L. The Borrower, the Guarantors, the Agent Bank and the Banks entered into the 2005B Amendment to Loan Documents dated as of May 10, 2005 (the “2005B Amendment”) in order to extend a deadline for taking certain action with respect to the Toluca Subsidiaries.

M. The Borrower, the Guarantors, the Agent Bank and the Banks entered into the 2005C Amendment to Loan Documents dated as of August 3, 2005 (the “2005C Amendment”) in order to restate Section 7.7 of the Loan Agreement (Ratio of Adjusted Funded Debt to EBITDA).
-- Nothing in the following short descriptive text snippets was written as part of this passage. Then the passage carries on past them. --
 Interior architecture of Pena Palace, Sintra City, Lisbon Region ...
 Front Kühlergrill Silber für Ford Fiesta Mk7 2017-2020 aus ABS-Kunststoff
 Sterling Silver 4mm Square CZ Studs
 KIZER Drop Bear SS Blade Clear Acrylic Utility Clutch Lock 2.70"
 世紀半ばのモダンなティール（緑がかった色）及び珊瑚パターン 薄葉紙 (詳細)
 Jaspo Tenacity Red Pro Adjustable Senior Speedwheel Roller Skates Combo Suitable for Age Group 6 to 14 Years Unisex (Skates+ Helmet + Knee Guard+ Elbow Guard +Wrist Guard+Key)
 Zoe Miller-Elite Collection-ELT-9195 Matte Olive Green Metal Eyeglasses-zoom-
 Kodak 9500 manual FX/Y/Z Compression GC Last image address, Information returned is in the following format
N. Sypris Technologies Mexican Holdings, LLC and Sypris Technologies, Inc. entered into a Pledge Agreement dated as of September 13, 2005 (the “Pledge Agreement”), for the purpose of pledging 65% of the stock or interests in certain foreign subsidiaries to the Agent Bank, for the benefit of the Banks and the Noteholders. The Agent Bank and the Noteholders entered into a Collateral Sharing Agreement dated as of September 13, 2005, with respect to the pledged stock and interests.

O. The Borrower, the Guarantors, the Agent Bank and the Banks now wish to amend the Loan Documents in order to (i) reduce the size of the Revolving Credit Facility from $125,000,000 to $100,000,000; (ii) modify the definition of “EBITDA,” (iii) modify the Fixed Charge Coverage Ratio and (iv) add a capital expenditures limitation to the negative covenants.

P. Subject to the terms set forth herein, the Banks are agreeable to the amendments to the Loan Documents set forth herein. The 1999 Loan Agreement, as amended by the 2000A Amendment, 2001A Amendment, the 2002A Amendment, the 2002B Amendment, the 2003A Amendment, the 2005A Amendment, the 2005B Amendment, the 2005C Amendment and this Amendment is referred to herein as the “Loan Agreement.” Terms not defined herein shall have the meanings set forth in the Loan Agreement.

NOW, THEREFORE, in consideration of the promises and the mutual covenants and agreements set forth herein and for other good and valuable consideration, the mutuality, receipt and sufficiency of which are hereby acknowledged, the parties agree as follows:

1. AMENDMENT TO LOAN AGREEMENT.

A. Amendment of the Definitions section of Loan Agreement. The following definitions are amended and restated in their entirety:

1.37 “EBITDA” means, as of the end of any Fiscal Quarter, the sum of the Borrower’s (i) Net Income, (ii) Interest Expense, (iii) provisions for taxes based on income, (iv) depreciation, (v) amortization and (vi)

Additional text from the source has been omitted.